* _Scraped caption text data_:
——
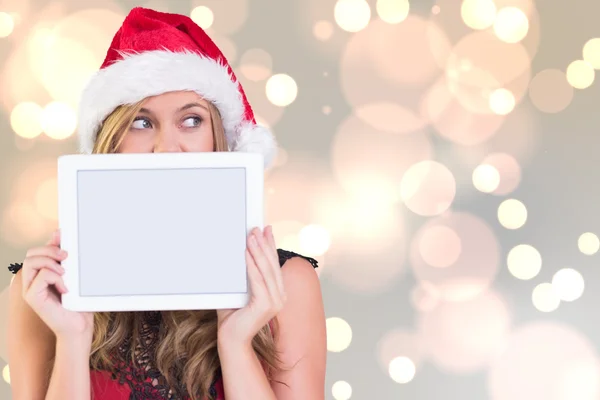 Feestelijke blonde met een Tablet PC — Stockfoto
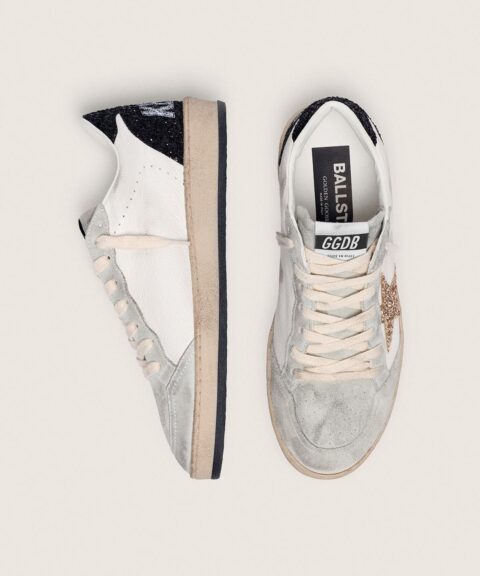 Women's Ball Star in nappa and suede with glitter star and black heel tab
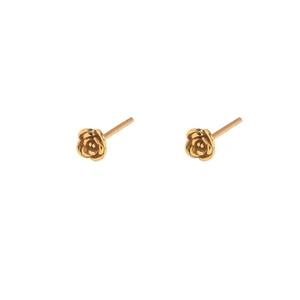 Boucles d'oreilles clous roses en argent sterling S999 plaqué or pour femme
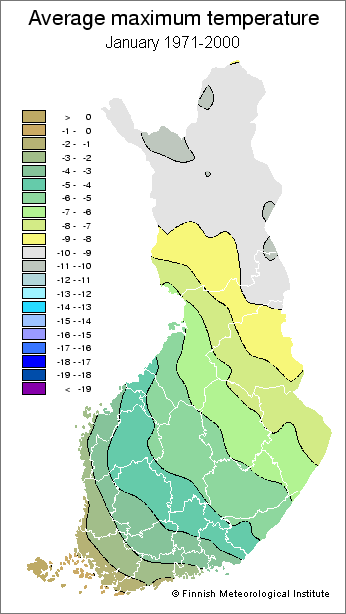 A map showing Finland's average maximum temperature in January during 1971-2000.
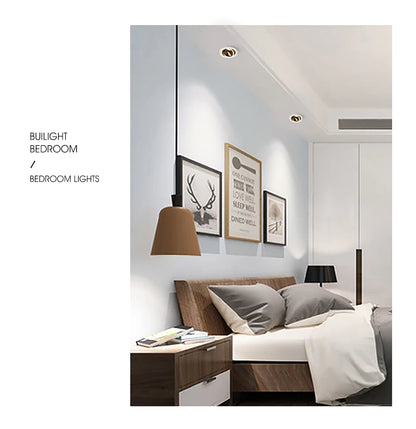 Led Downlight Recessed Deep Anti-glare Led Ceiling Downlights Single/ Double Dimmable 12W 24W For Home Bedroom Spot Office Lamp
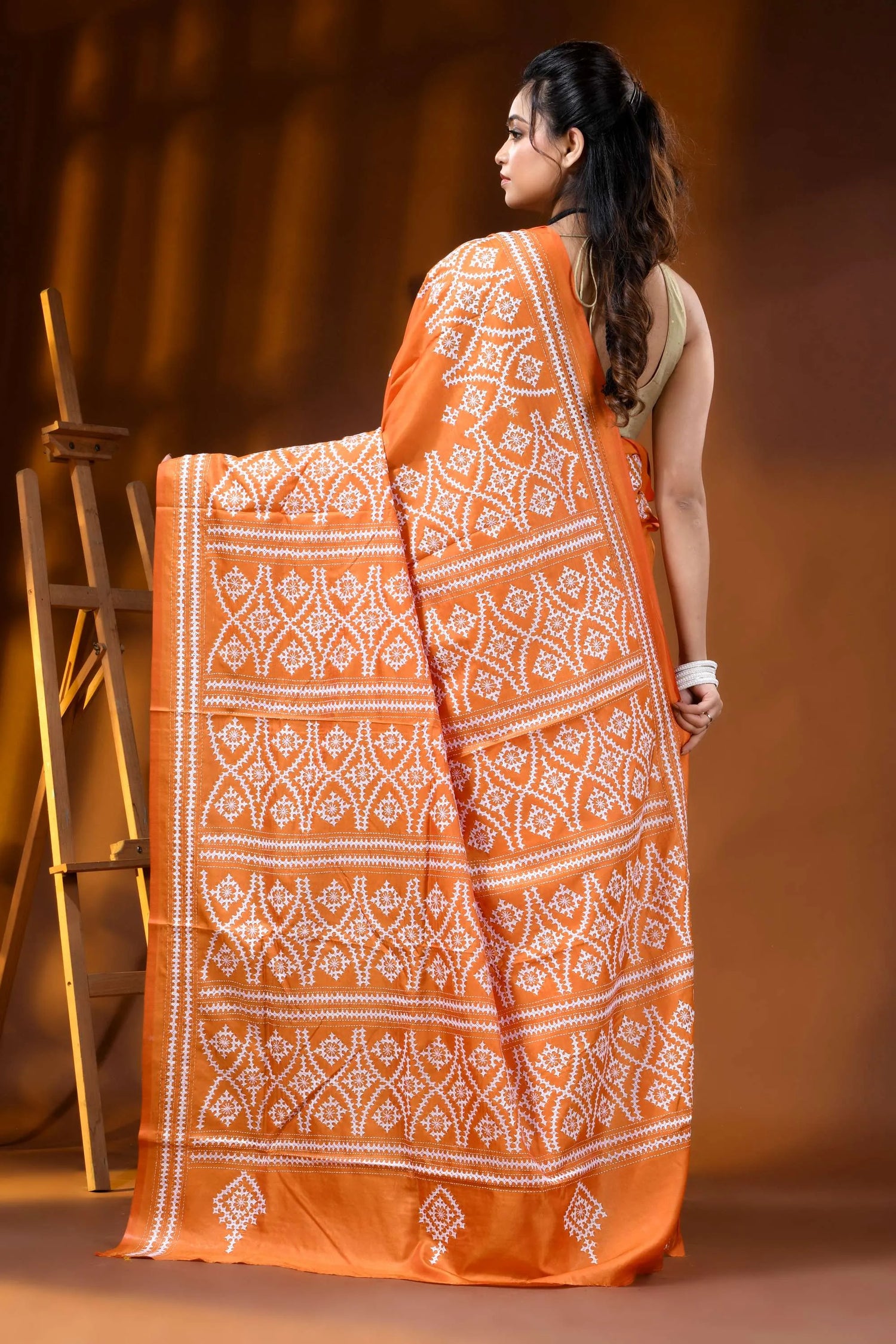 Orange silk kutch embroidery saree handmade ethnic motif 4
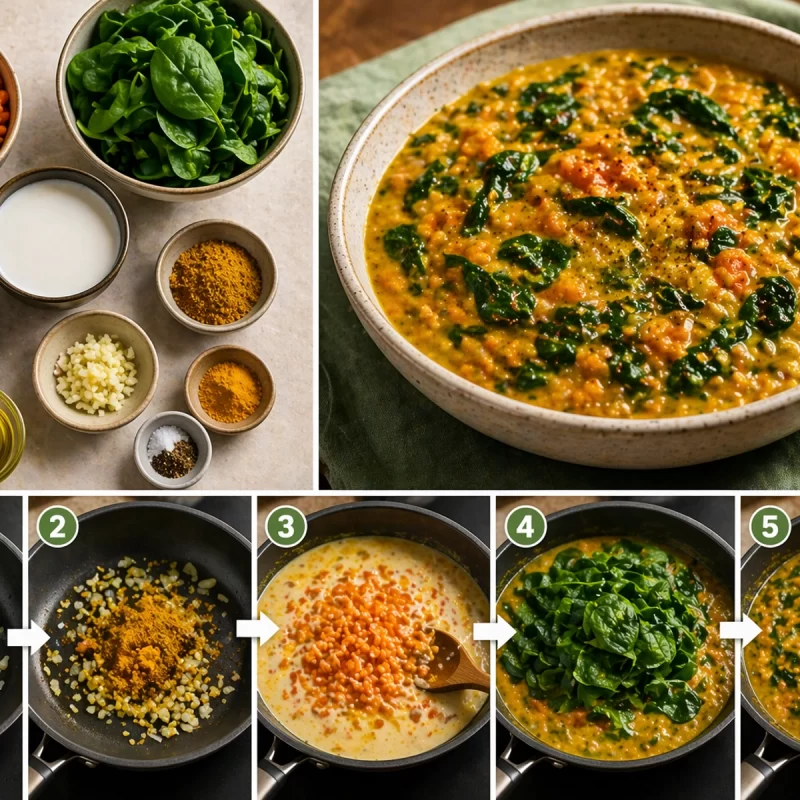 Къри с леща и спанак Curry with lentils and spinach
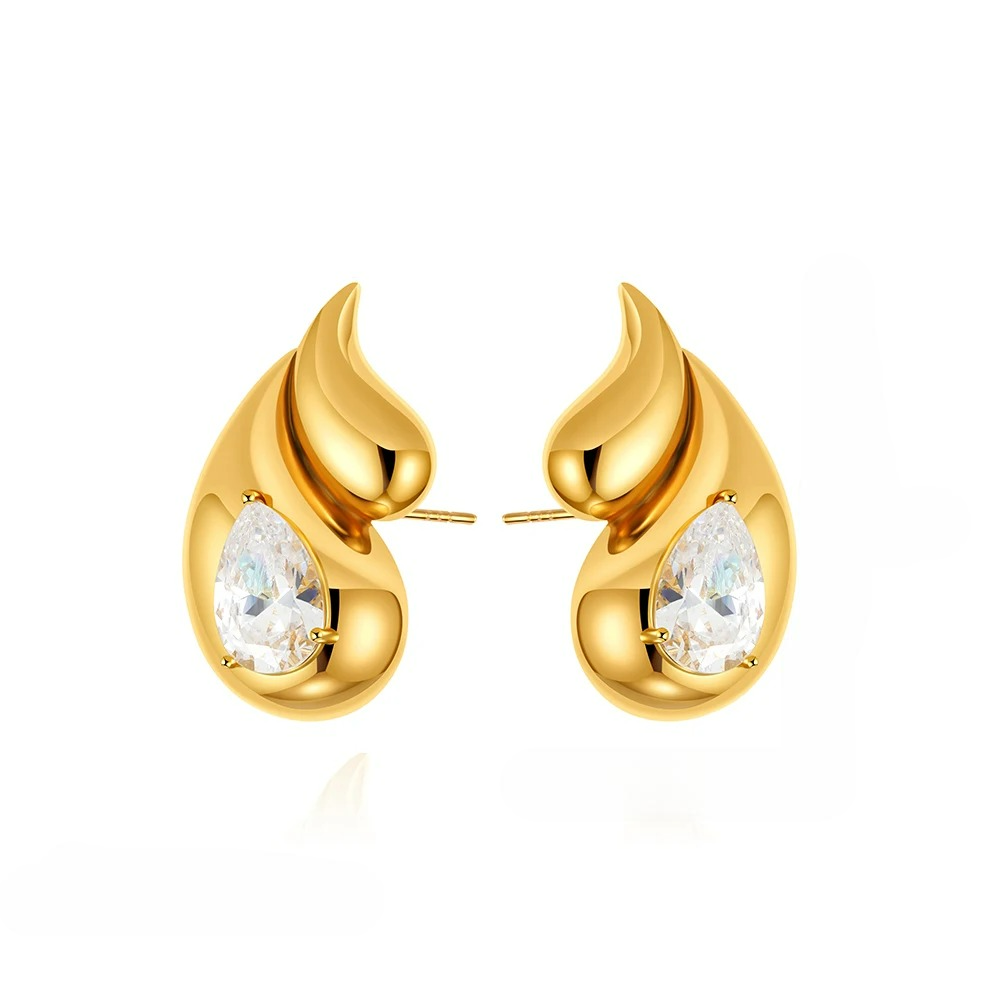 Stud Earrings Water Drop and Rhinestones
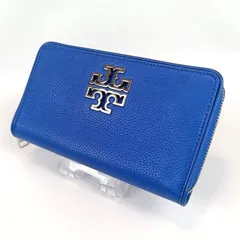 良品 TORY BURCH トリーバーチ ラウンドファスナー 長財布 ブルー系 レザー ブリテン ロゴモチーフ 金具シルバー レディース ブランド 中古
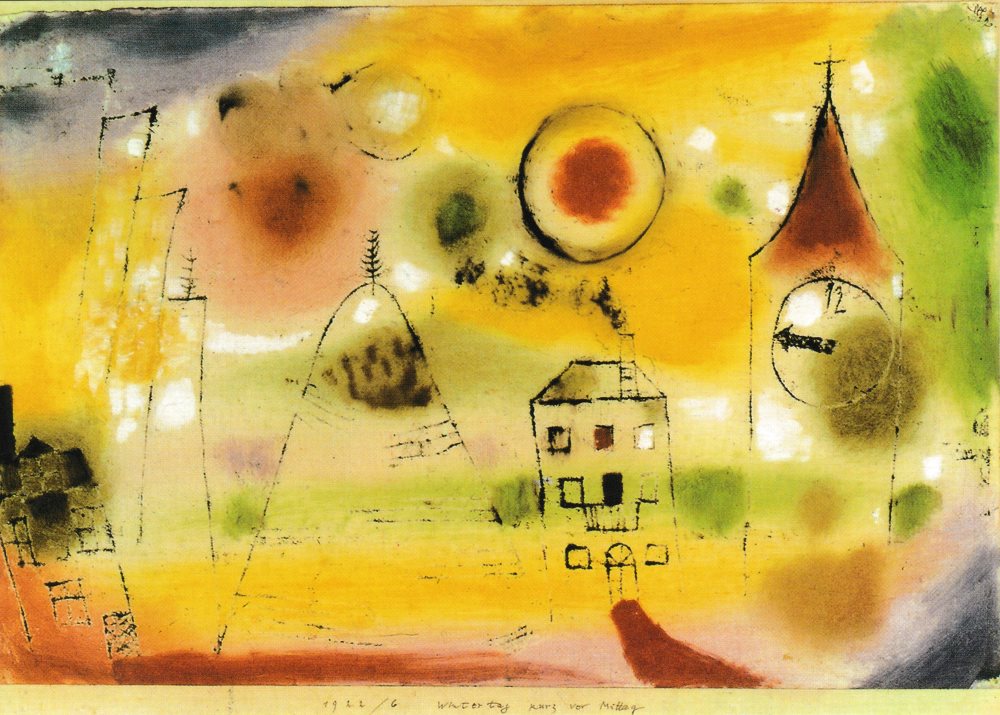 Kunstkarte Paul Klee "Wintertag kurz vor Mittag"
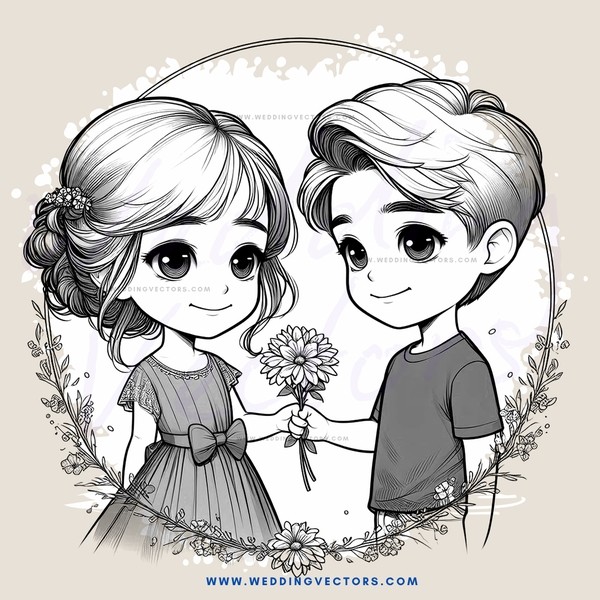 two children exchanging flowers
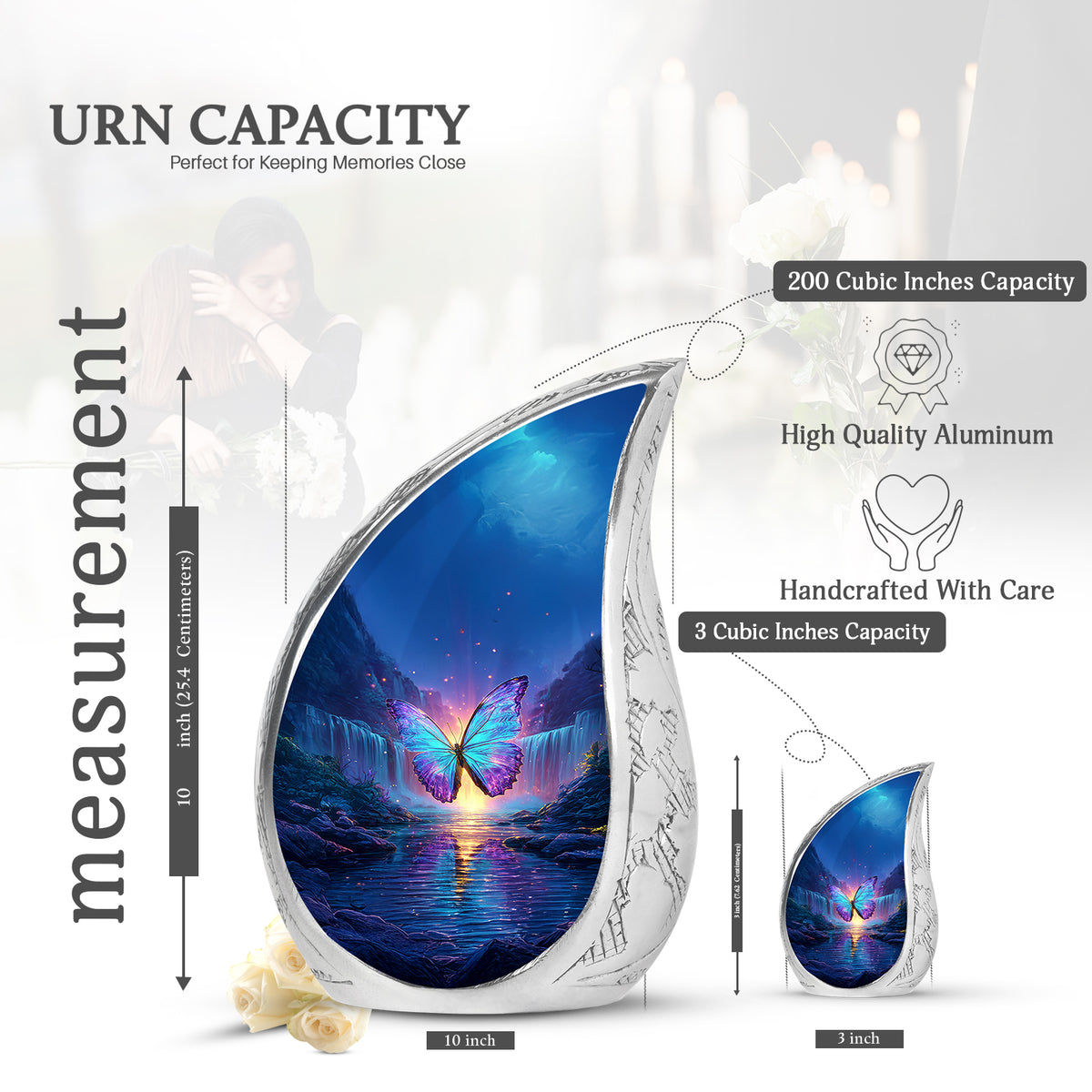 Icy Blue Butterfly Cremation Urn angled view of lid and engraved motif - rounded teardrop butterfly design with delicate detail - mini keepsake memorial for portion of cremation ashes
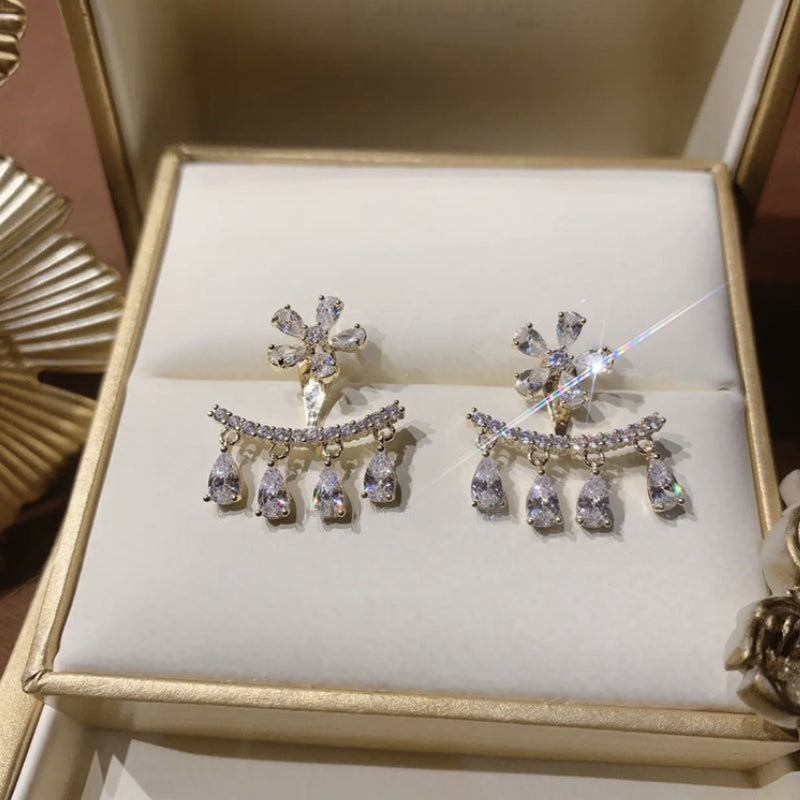 Flower Zircon Tassel Stud Earrings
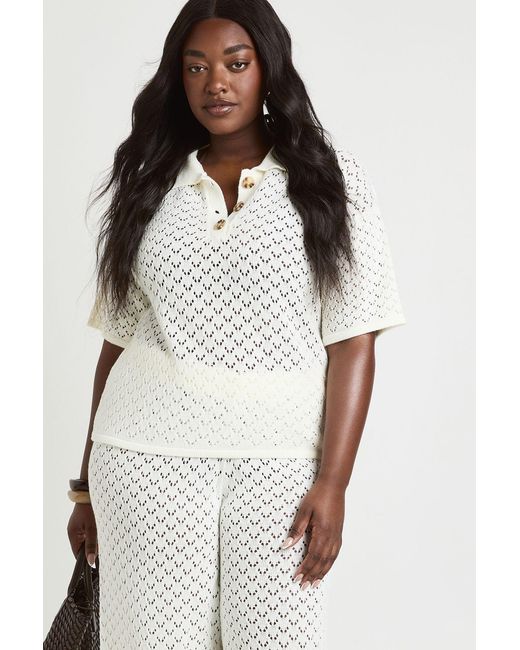 Boohoo White Plus Knitted V Neck Beach Top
——
* _ASSIGNMENT_:
Above are the entries; write them out again exactly, omitting the pictures.

* _OUTPUT OF THE EXERCISE_:
 Feestelijke blonde met een Tablet PC — Stockfoto
 Women's Ball Star in nappa and suede with glitter star and black heel tab
 Boucles d'oreilles clous roses en argent sterling S999 plaqué or pour femme
 A map showing Finland's average maximum temperature in January during 1971-2000.
 Led Downlight Recessed Deep Anti-glare Led Ceiling Downlights Single/ Double Dimmable 12W 24W For Home Bedroom Spot Office Lamp
 Orange silk kutch embroidery saree handmade ethnic motif 4
 Къри с леща и спанак Curry with lentils and spinach
 Stud Earrings Water Drop and Rhinestones
 良品 TORY BURCH トリーバーチ ラウンドファスナー 長財布 ブルー系 レザー ブリテン ロゴモチーフ 金具シルバー レディース ブランド 中古
 Kunstkarte Paul Klee "Wintertag kurz vor Mittag"
 two children exchanging flowers
 Icy Blue Butterfly Cremation Urn angled view of lid and engraved motif - rounded teardrop butterfly design with delicate detail - mini keepsake memorial for portion of cremation ashes
 Flower Zircon Tassel Stud Earrings
 Boohoo White Plus Knitted V Neck Beach Top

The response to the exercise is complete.